Every line of the listing should be retyped exactly, but none of the pictures should be.

[Given material]

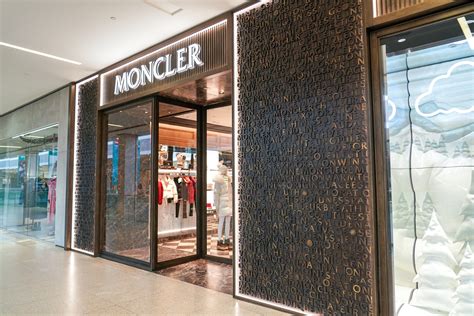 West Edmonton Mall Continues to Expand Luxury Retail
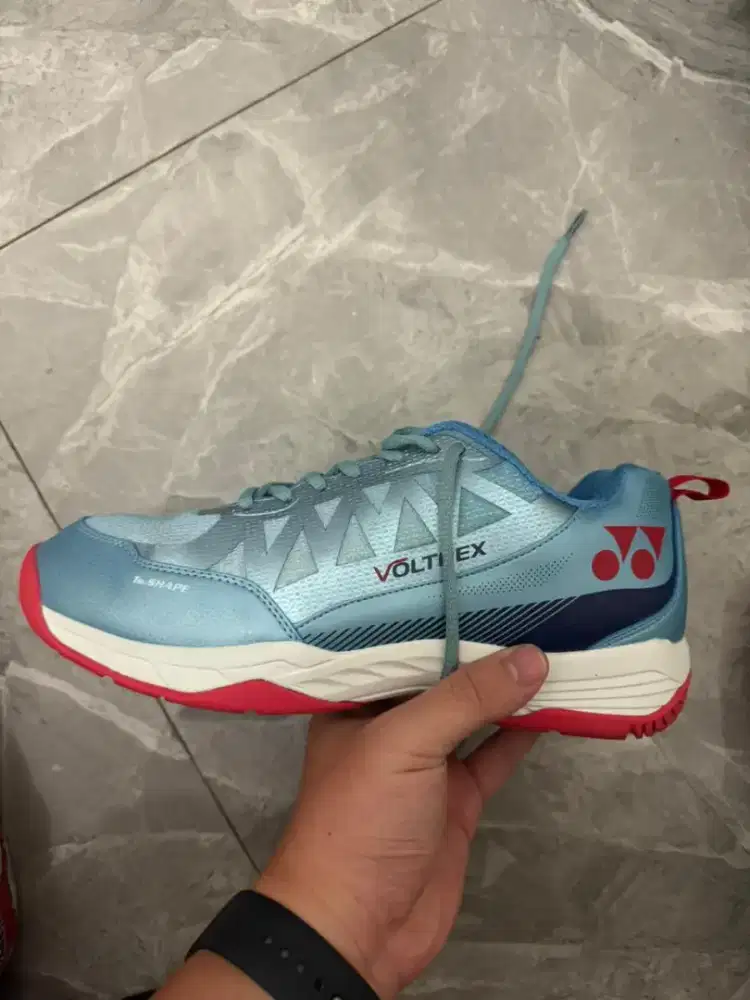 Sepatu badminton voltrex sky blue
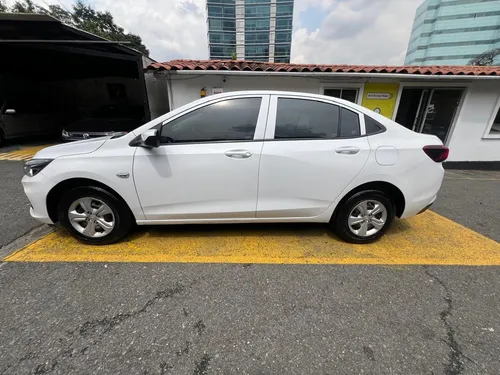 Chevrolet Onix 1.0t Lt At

[/Given material]

-- Task response --
 West Edmonton Mall Continues to Expand Luxury Retail
 Sepatu badminton voltrex sky blue
 Chevrolet Onix 1.0t Lt At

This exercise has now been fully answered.